The benefits to all three tree kangaroo populations were “unimaginable,” considering how low they’d fallen, Tim Flannery, the Australian zoologist who first described the tenkile and weimang for science, told Mongabay. By 2013, scientists estimated that the tenkile population had grown from fewer than 100 in the ’90s to more than 300 based on TCA surveys.
More recently, the TCA has expanded its work to include villages beyond the tree kangaroo species’ current ranges, bringing thousands of solar-powered lighting kits to more than 100 “feeder” villages that weren’t part of the original moratorium. Many of these villages sit along the Sepik highway, which TCA teams travel frequently.
Today, however, construction on the road continues, despite a brief pause in response to opposition to it in June 2021 and periodic shutdowns as a result of protests. A road construction company called Hicz has set up a base about 20 minutes’ walk from Nick’s home in Muku.

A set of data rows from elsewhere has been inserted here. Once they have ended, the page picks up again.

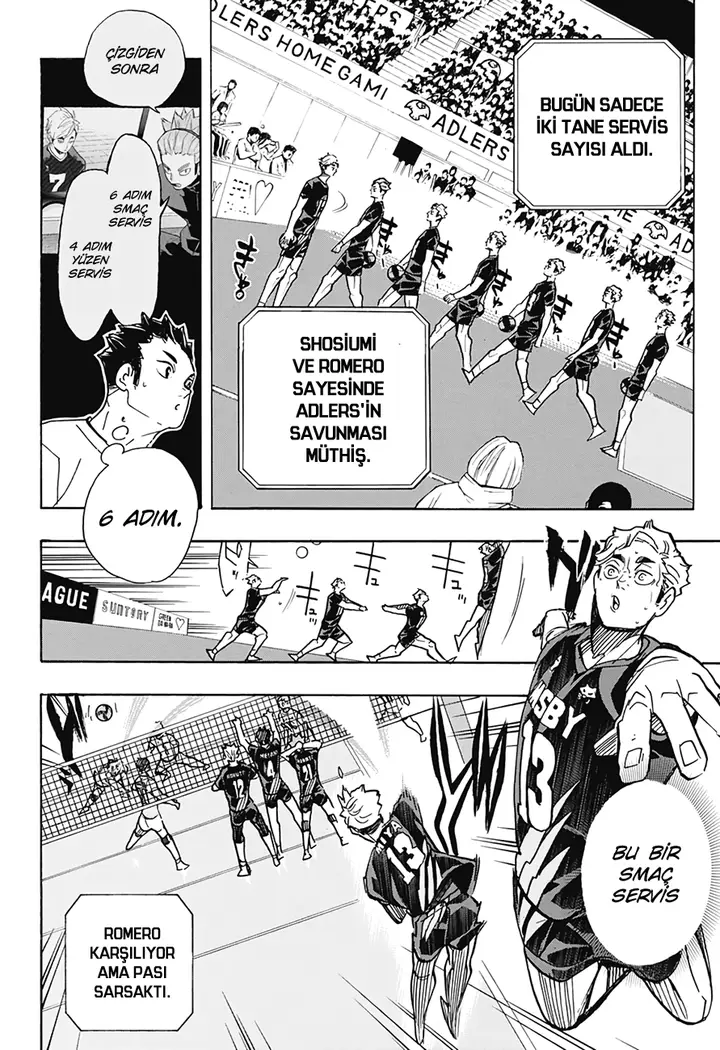 Read Haikyuu!! TR Manga Online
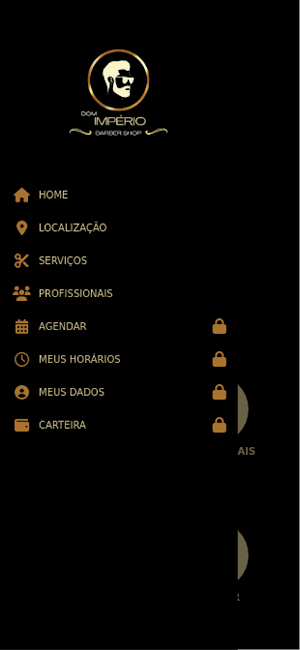 Dom Império Barber Screenshot 1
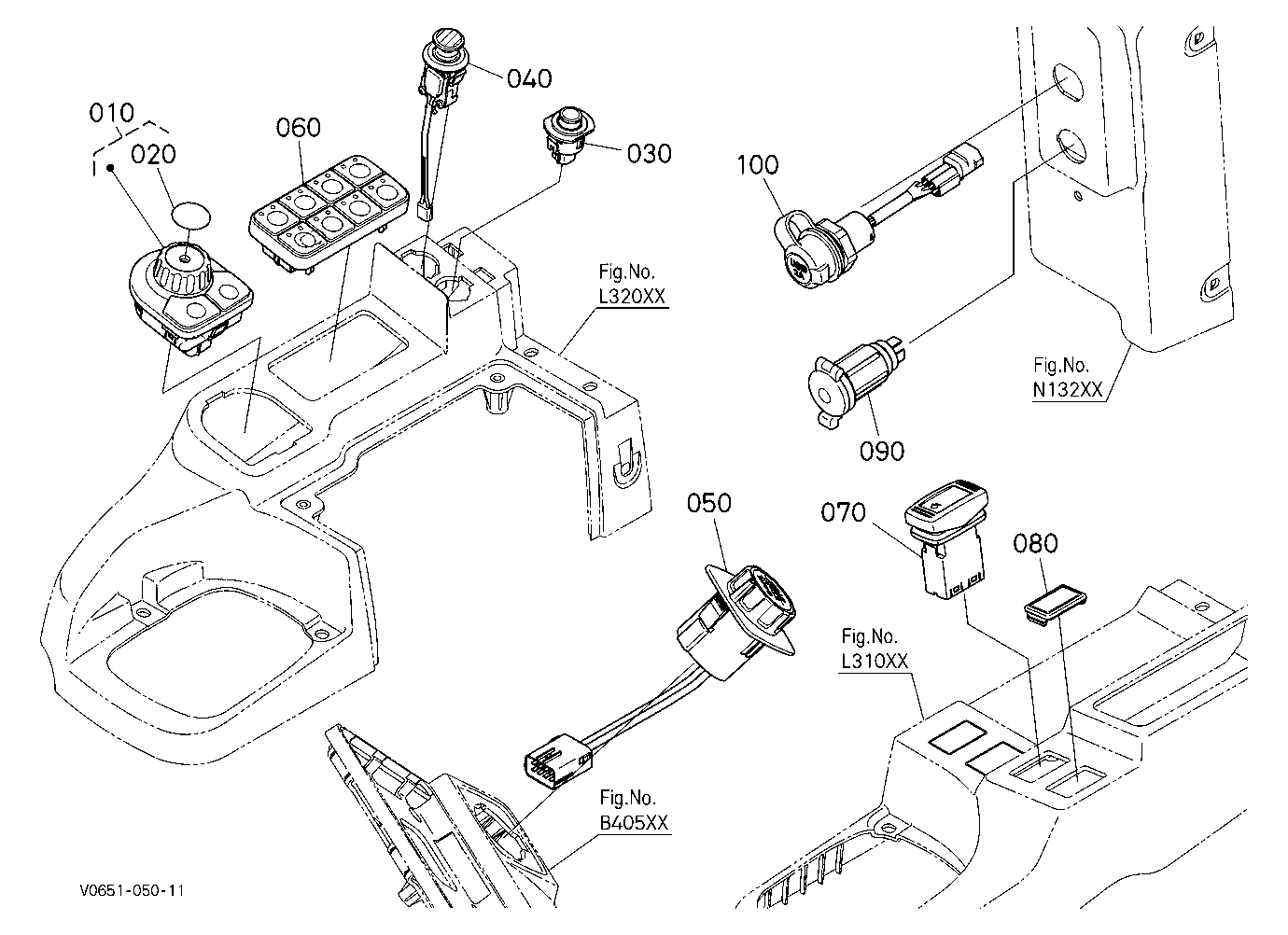 Switch (Cockpit) [Manual Hitch]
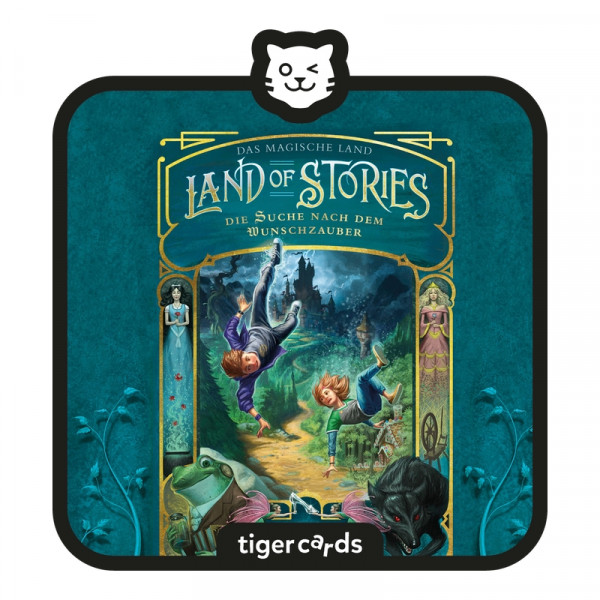 Tigermedia - Tigercard Land of Stories: Das magische Land 1 – Die Suche nach dem Wunschzauber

The company’s on-site public relations officer, Simon Nick, who was hired from the community and is Fidelis Nick’s uncle, said many people in the community in fact want to have a road that connects them to the coast. He also said the company intends to respect the TCA’s conservation programming, though he didn’t provide details on what that would entail.
Conversations with men and women from Muku and the surrounding communities revealed ambivalence about having the road cut through their communities: They expressed concern about the effects on the environment, but also said they realize it may ease the challenging travel to Aitape, where they can buy and sell the goods they need.

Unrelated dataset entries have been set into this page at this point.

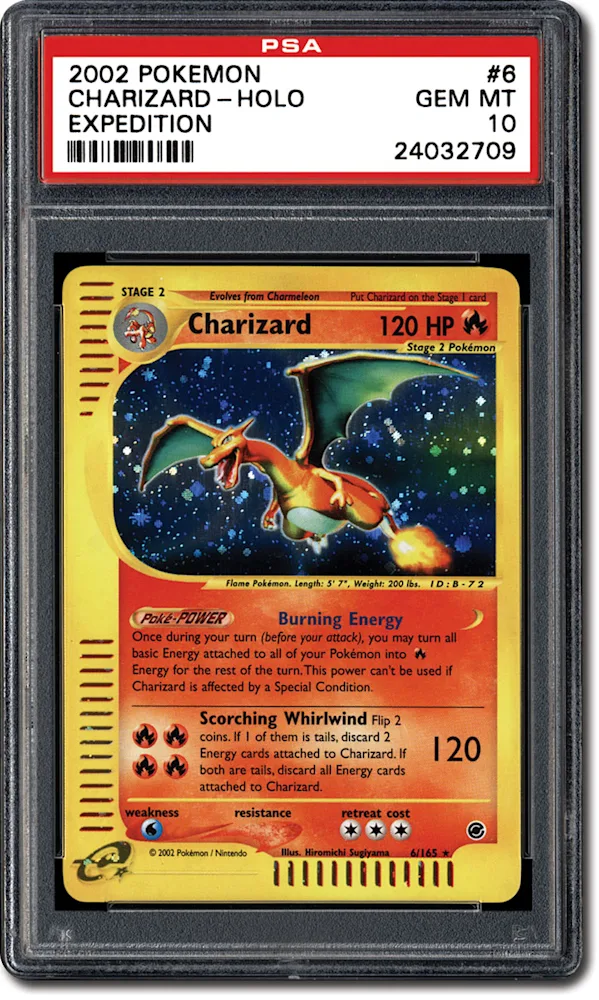 PSA Set Registry: Collecting the 2002 Pokémon Expedition Set - An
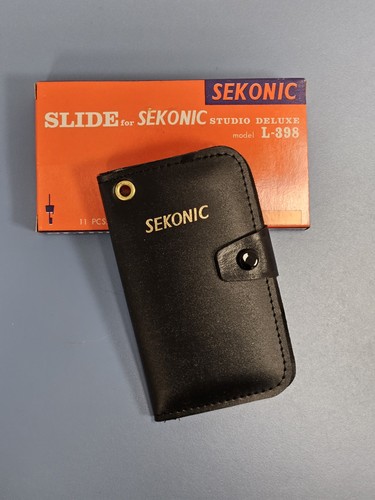 Sekonic 398 slide kit - slide,
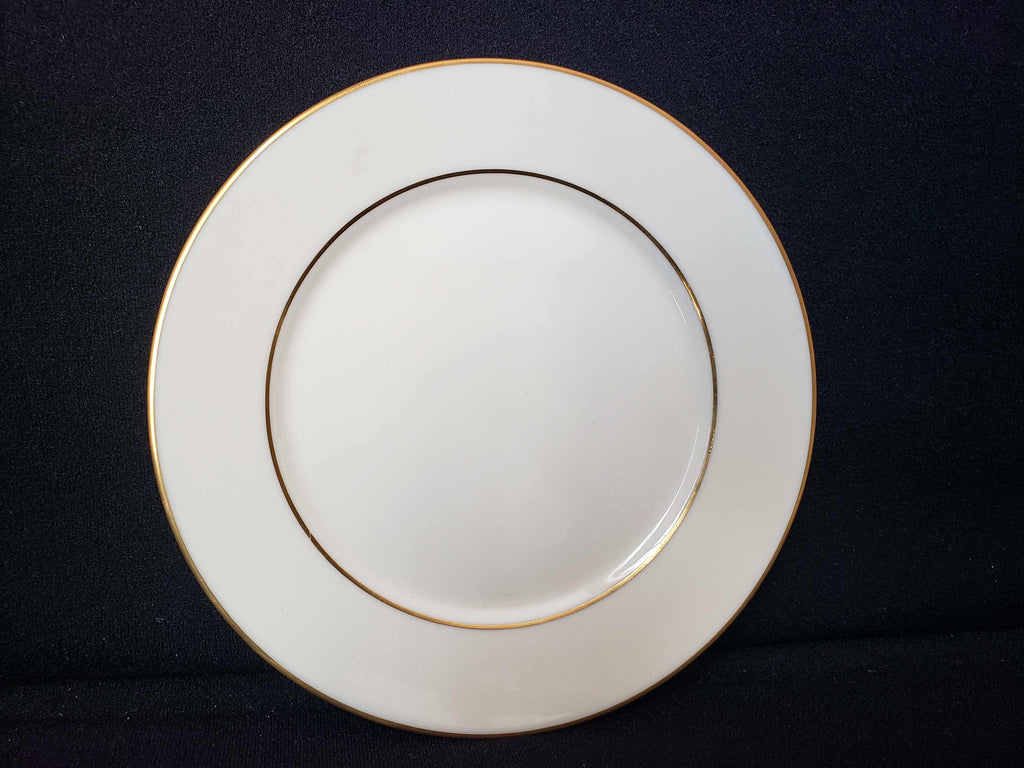 Vintage Lenox Hayworth Bread or Plate Golden Wreath Stamp 6-1/2" (lot 1998)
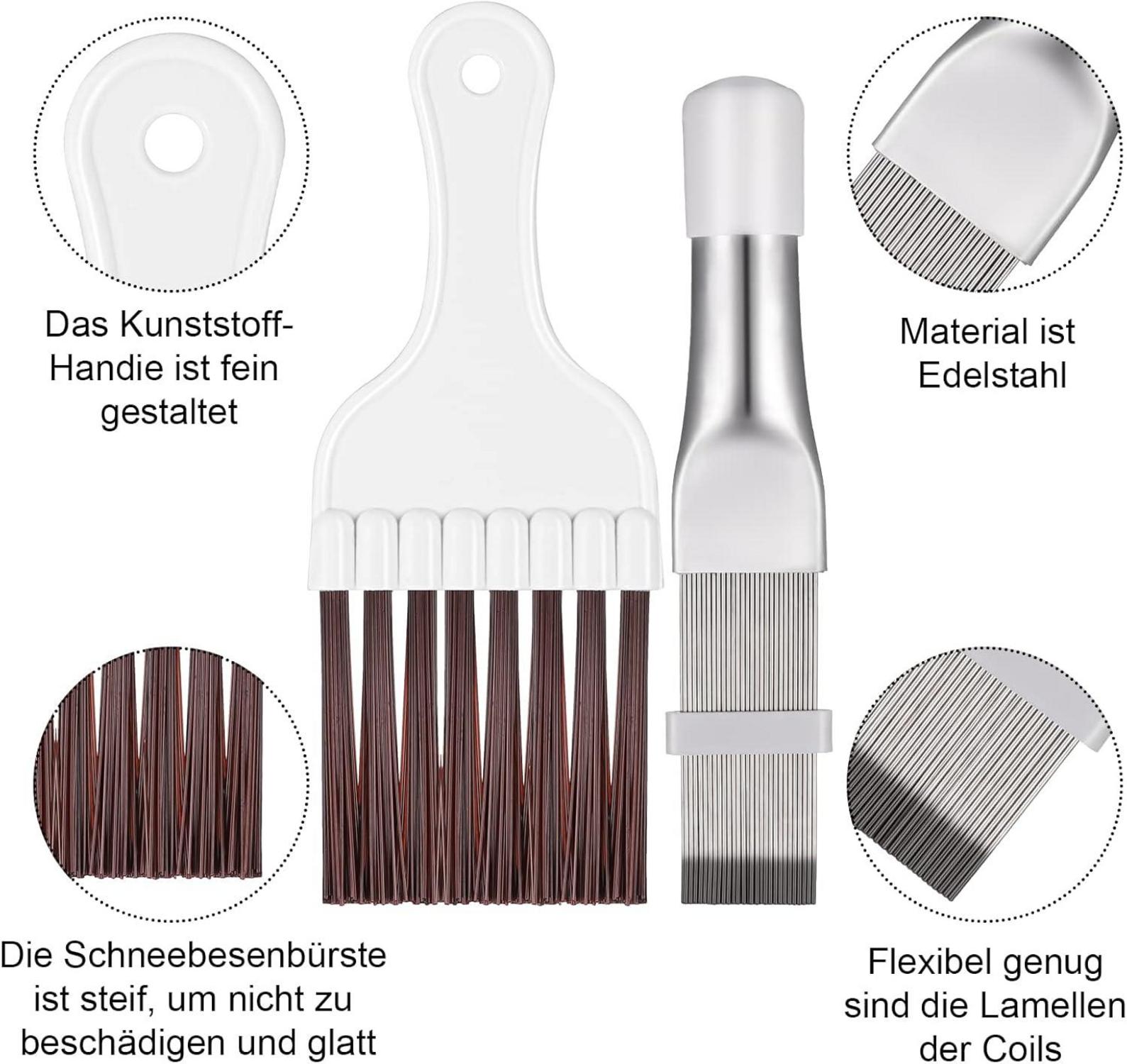 Klimaanlage Flossen Reinigungsbürste Metall Spule Kamm_ITEMS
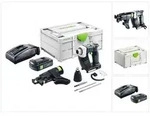 Festool DURADRIVE DWC 18-2500 Basic Akku Bauschrauber 18 V 18 Nm Brushless + 1x...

Fidelis Nick’s opposition remains stalwart, though, and for that, he’s paid a price. He said the police have visited his home multiple times and told him to back off his encouragement of widespread resistance in Muku. Still, Nick said he sees the road as a threat to the integrity of the largely pristine forests of the Torricellis and the countless species they support, tree kangaroos and humans among them.
“The timber and land are their resources,” Nick says of communities like Muku, so he spends a lot of his time meeting with villages and explaining the changes that could materialize with the road. Along with the road construction, new logging outfits have appeared in the area. And their backers have made inroads with some villages, convincing at least a few key members of the community that the money they’ll be paid for their timber will be worth allowing the companies to operate on their land.

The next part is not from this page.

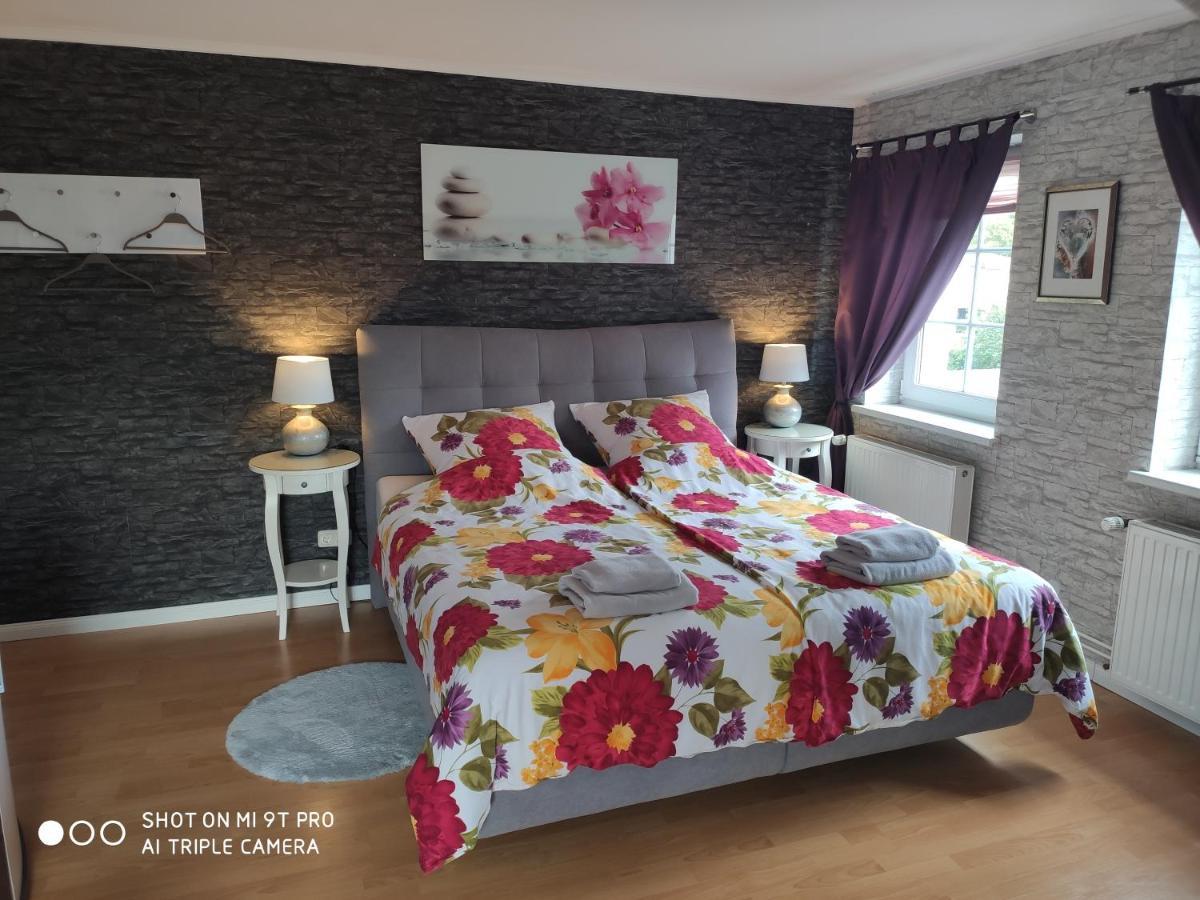 Blumen Apartment Amburgo Esterno foto
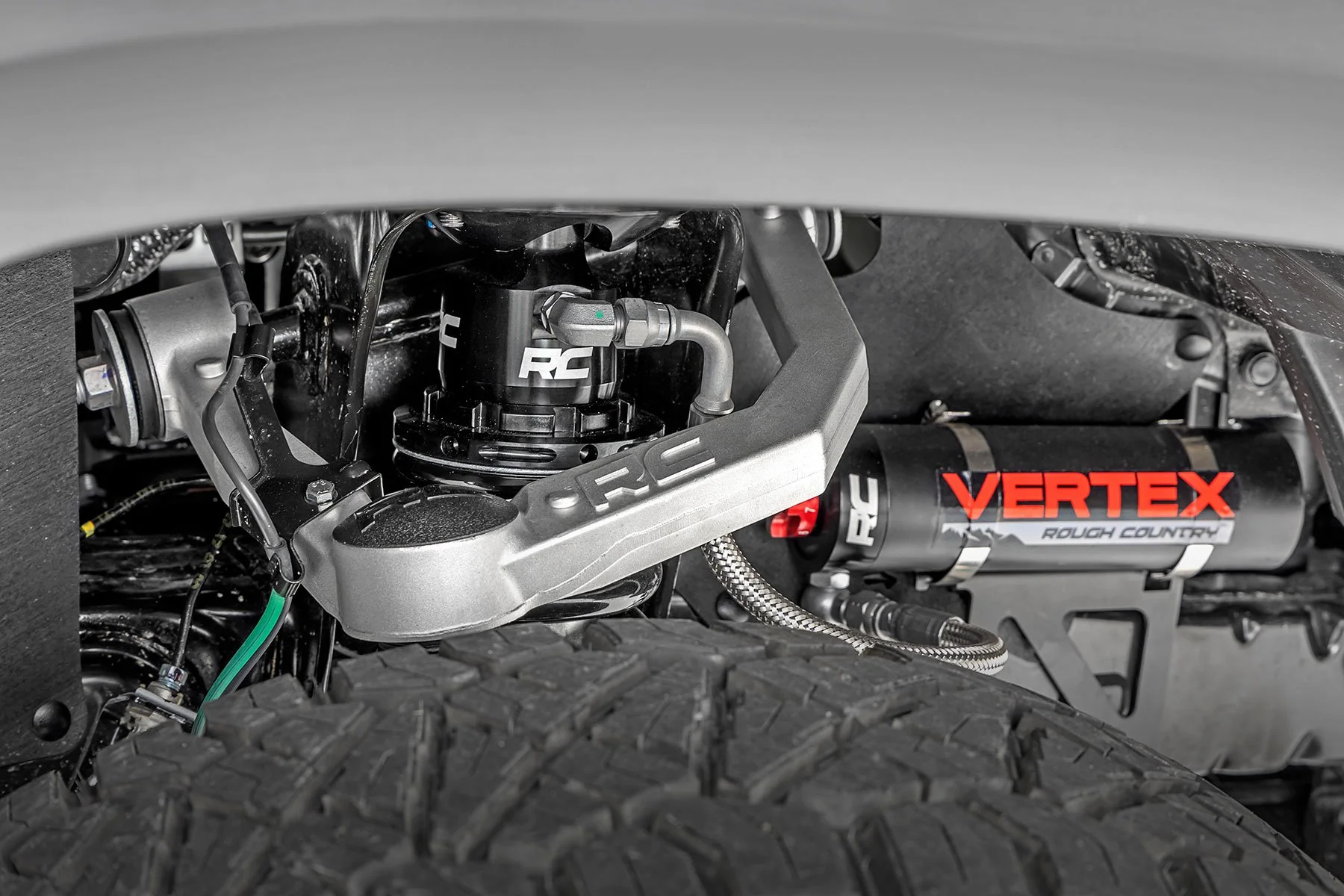 3.5 Inch Lift Kit | UCA | Vertex/V2 | Toyota Tacoma 4WD | 2005-2022 | Rough Country | 74257 - Image 4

Meanwhile, the TCA is holding out hope that it can still secure more durable protection for the tree kangaroo habitat in the Torricellis, perhaps by working with the individual clans to secure conservation deeds through the Sandaun provincial government. Jim Thomas said this process has the potential to be more inclusive by incorporating a wide range of views from the communities, but it would require securing some 230 individual deeds.
Mongabay’s John Cannon met with Nick in Muku to discuss the current situation. This interview was edited for clarity and length.
Mongabay: How will the creation of the Torricelli Mountain Range Conservation Area impact the villages in this area?
Fidelis Nick: If the government gazettes the TMRCA, that will bring more power back to the villages. They will take back ownership of the forest and the biodiversity and these rights to protect their land.
Mongabay: A big part of the TCA’s strategy has been to bring development to these villages. What are your thoughts on the services provided by TCA and those provided by the government?
Fidelis Nick: [When] we’re talking about government, it’s really focusing on the major developments of projects such as roads and education — all major government services, which are funded by government every year through their budget. But compared to the rural village development, government really doesn’t benefit the people — livelihood projects [like] light, water and sanitation.
From my experience, the TCA is delivering the basic services, while the government just wants to focus on the major developments of the country. TCA is conducting good livelihood projects based on village-level needs. Government doesn’t focus so many times on the village development projects. We believe TCA is really doing the best development projects at the community level. But it’s within the project area only, not in all villages of the district.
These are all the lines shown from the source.